6. GENERAL PROVISIONS
   1. Effect
      .  The terms and provisions of this BAA supersede any other conflicting or inconsistent terms and provisions in any agreements between the parties, including all exhibits or other attachments thereto and all documents incorporated therein by reference.
   2. Amendment
      .  Business Associate and the Covered Entity agree to amend this BAA to the extent necessary to allow either party to comply with HIPAA, the Privacy Rule, the Security Rule, or the HITECH Act.  All such amendments shall be made in a writing signed by both parties.
   3. No Third Party Beneficiaries
      .  This BAA is intended for the benefit of Business Associate and Covered Entity only.  Nothing express or implied is intended to confer or create, nor be interpreted to confer or create, any rights, remedies, obligations or liabilities to or for any thirdparty beneficiary, including without limitation Individuals who are the subject of PHI.

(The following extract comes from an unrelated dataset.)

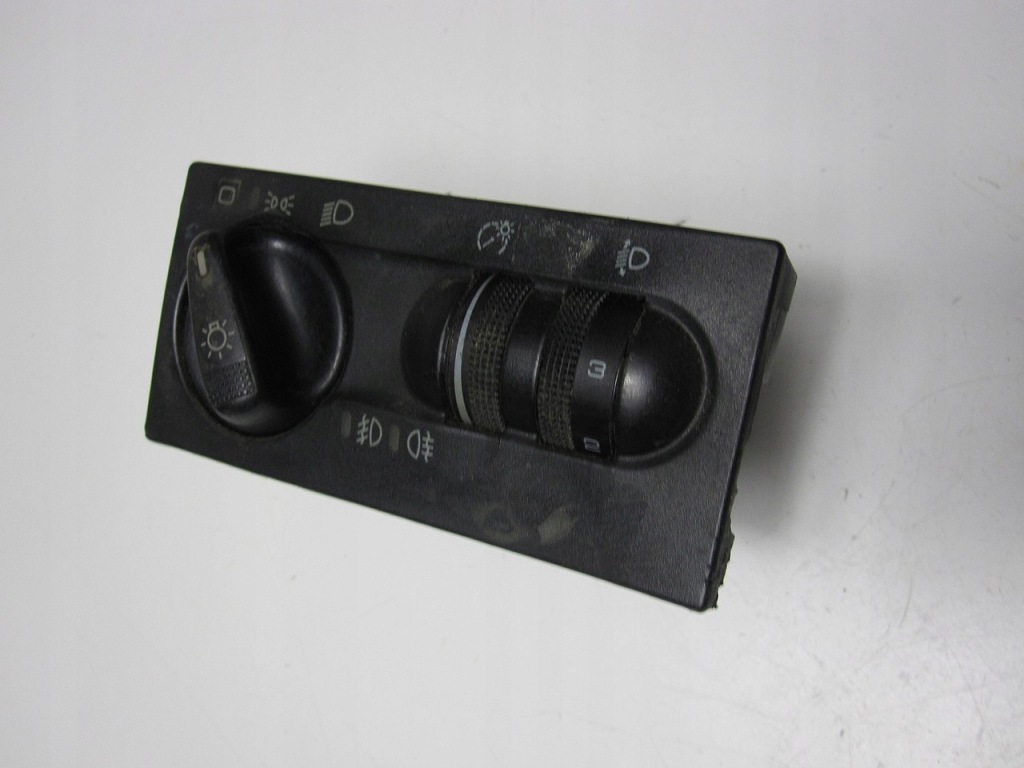 фото №1, Выключатель переключатель света vw golf iii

   4. Assignment.  Neither party may assign this BAA in whole or in part without the prior written consent of the other party.  Notwithstanding the foregoing, Business Associate may assign or transfer this BAA to an affiliate pursuant to a corporate reorganization, or to a third party in connection with a merger, amalgamation, consolidation, business combination or other similar transaction, or a sale of substantially all of its assets or business.  This BAA and all of the provisions contained hereunder shall be binding upon and enure to the benefit of the parties and their successors and permitted assigns.
   5. Interpretation
      .  Any ambiguity in this BAA shall be resolved in favor of a meaning that permits Covered Entity and Business Associate to comply with HIPAA, the Privacy Rule, the Security Rule, and the HITECH Act.